In 2011 Alan Frost published his book, Botany Bay: the real story, based on a thirty-five year study of original documents relating to the establishment of a colony in New South Wales. In his research he discovered records that had not been explored thoroughly by other historians and consequently some of his findings differ from previous research.
The first two chapters are about crime and punishment in eighteenth century England. Dealing with convict problems via the use of hulks and enlistment 1776-1783 is followed by chapters on proposals to reintroduce transportation to a number of countries in various parts of the world. One chapter looks at the possibility of forthcoming war while another chapter examines investment and return resulting from having an overseas convict colony.

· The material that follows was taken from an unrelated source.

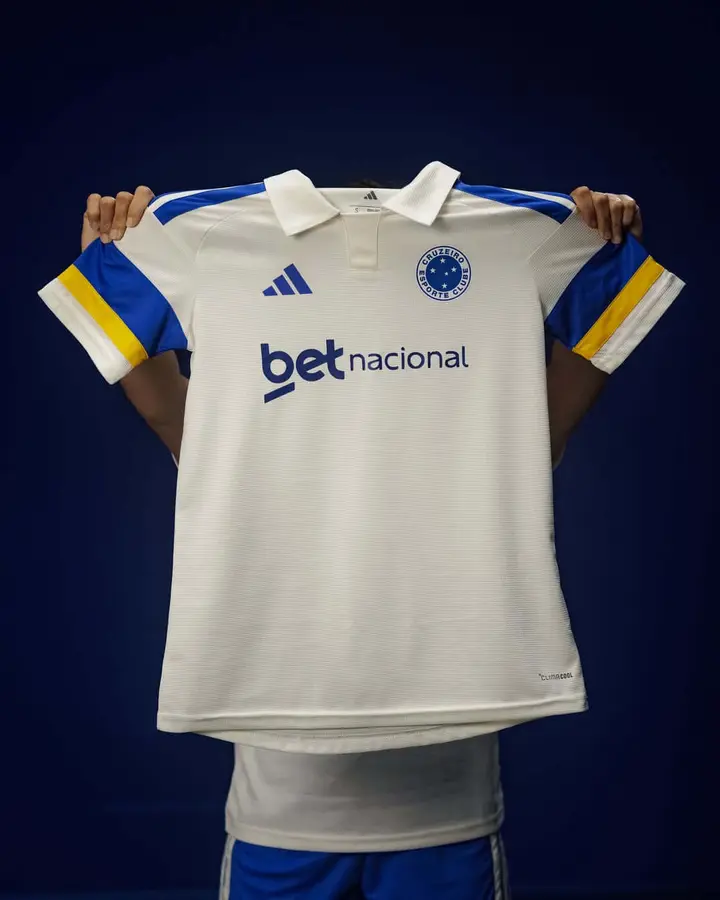 Cruzeiro 2026: third shirt · presentation photographs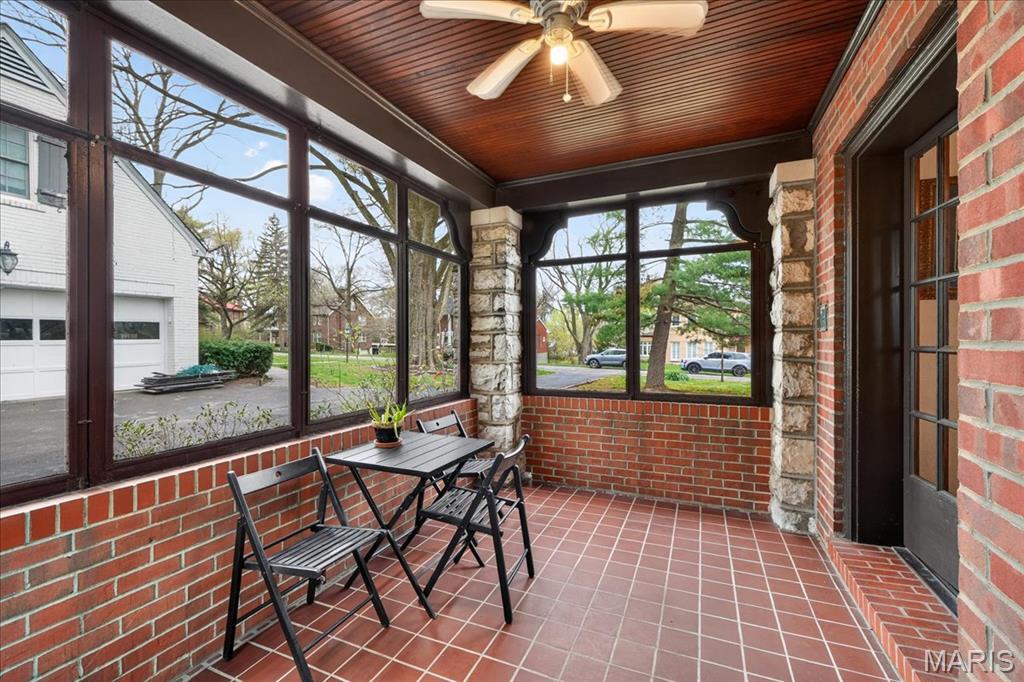 Bellerive Acres - Residential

In the final chapters Alan Frost examines the arguments made leading to the final decision of Botany Bay as the site for a convict colony including:
Botany Bay had been recommended by James Cook and Joseph Banks and Pitt respected their judgement.
This was not a hasty decision as it had taken seven years to develop between 1779 and 1786.
Sending the First Fleet was an expensive way of relocating convicts but it became more cost efficient by the time of the Third Fleet.
The new colony would be suitable for providing supplies for the navy, especially timber and flax from Norfolk Island.
There was a need to establish a colony in the region before the French did.
This book is useful for the information it provides on the background for the implementation of transportation to New South Wales.